- _WHAT YOU SHOULD DO_: Below this line is a listing that includes pictures. Copy exactly, and only, the lines from the one containing "a wrestler is" through the one containing "colonial-style house featuring"; the pictures do not go in the copy.

- _SOURCE MATERIAL_:
********

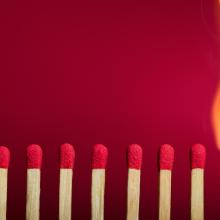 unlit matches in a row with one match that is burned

********

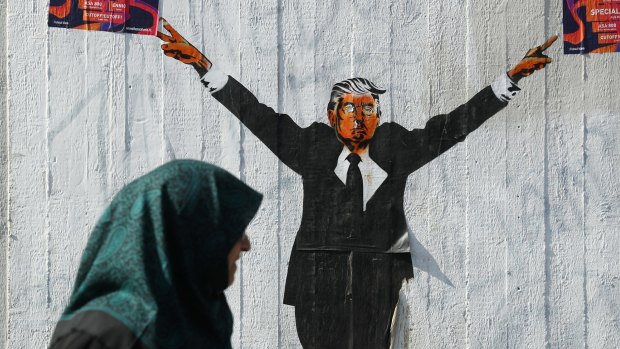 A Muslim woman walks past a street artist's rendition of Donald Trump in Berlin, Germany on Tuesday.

********

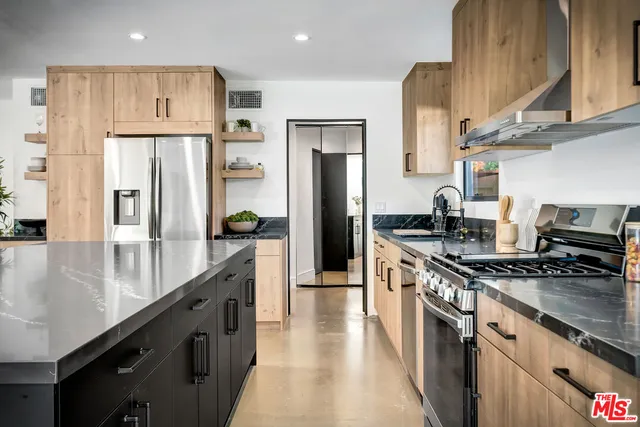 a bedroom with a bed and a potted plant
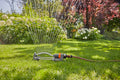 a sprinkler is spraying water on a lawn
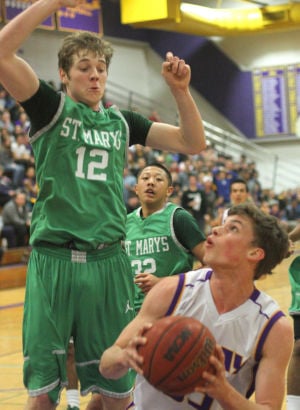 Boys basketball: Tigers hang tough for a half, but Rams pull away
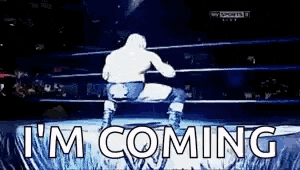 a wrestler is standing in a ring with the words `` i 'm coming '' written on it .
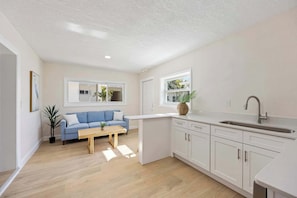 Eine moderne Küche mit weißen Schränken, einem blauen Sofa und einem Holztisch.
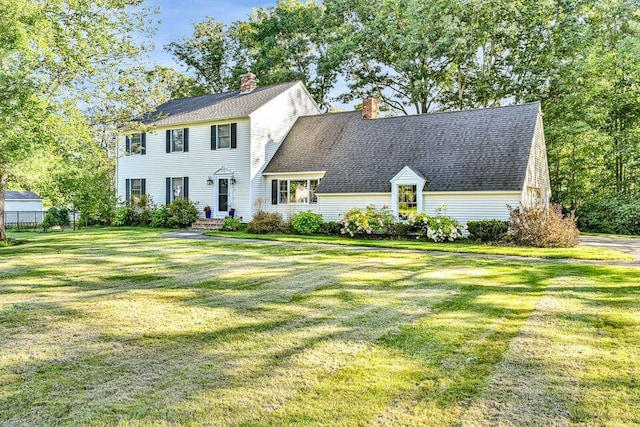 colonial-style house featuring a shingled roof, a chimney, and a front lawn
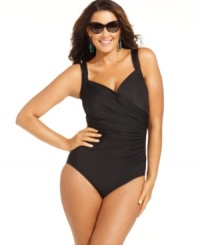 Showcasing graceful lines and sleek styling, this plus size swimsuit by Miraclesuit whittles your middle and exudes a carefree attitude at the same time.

********

- _REPLY TO THE EXERCISE_:
 a wrestler is standing in a ring with the words `` i 'm coming '' written on it .
 Eine moderne Küche mit weißen Schränken, einem blauen Sofa und einem Holztisch.
 colonial-style house featuring a shingled roof, a chimney, and a front lawn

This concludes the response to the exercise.